Start of Block
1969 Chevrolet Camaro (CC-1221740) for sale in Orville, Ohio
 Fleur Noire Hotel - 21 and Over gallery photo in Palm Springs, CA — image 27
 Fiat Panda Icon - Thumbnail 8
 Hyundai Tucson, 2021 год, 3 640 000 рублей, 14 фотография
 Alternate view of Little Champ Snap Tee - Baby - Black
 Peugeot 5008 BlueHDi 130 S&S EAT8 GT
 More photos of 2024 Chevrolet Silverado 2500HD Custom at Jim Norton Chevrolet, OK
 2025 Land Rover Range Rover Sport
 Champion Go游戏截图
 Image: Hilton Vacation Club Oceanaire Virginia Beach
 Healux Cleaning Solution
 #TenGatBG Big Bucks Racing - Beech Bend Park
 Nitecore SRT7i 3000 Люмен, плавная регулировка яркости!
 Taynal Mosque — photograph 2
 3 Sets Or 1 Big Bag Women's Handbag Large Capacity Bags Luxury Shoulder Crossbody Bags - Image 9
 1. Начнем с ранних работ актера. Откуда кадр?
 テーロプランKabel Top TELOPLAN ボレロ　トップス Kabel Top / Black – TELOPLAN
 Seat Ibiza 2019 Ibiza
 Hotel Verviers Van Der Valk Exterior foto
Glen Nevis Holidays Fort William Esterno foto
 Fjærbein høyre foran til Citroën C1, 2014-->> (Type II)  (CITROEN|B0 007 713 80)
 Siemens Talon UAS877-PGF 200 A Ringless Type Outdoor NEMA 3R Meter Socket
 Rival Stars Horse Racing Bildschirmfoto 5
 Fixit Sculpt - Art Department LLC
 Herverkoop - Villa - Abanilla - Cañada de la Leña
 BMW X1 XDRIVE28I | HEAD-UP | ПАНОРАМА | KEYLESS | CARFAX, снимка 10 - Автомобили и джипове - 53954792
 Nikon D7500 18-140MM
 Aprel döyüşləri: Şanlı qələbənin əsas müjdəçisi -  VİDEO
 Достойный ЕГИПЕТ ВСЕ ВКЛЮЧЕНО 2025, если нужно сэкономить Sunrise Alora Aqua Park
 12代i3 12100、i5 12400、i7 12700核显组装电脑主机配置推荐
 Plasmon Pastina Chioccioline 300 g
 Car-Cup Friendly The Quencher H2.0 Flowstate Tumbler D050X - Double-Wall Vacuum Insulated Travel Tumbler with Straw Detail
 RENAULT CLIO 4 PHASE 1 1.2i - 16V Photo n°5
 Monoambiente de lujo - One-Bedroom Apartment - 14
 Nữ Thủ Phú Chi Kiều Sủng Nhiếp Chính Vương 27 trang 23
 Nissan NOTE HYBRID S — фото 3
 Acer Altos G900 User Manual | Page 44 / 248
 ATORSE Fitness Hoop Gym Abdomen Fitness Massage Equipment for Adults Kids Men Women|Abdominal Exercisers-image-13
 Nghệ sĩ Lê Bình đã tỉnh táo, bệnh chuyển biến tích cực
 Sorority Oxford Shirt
End of Block
Directions for this task:
Only lines holding the word "Type" are wanted here; copy each from the listing.

Exercise output:
 Fjærbein høyre foran til Citroën C1, 2014-->> (Type II)  (CITROEN|B0 007 713 80)
 Siemens Talon UAS877-PGF 200 A Ringless Type Outdoor NEMA 3R Meter Socket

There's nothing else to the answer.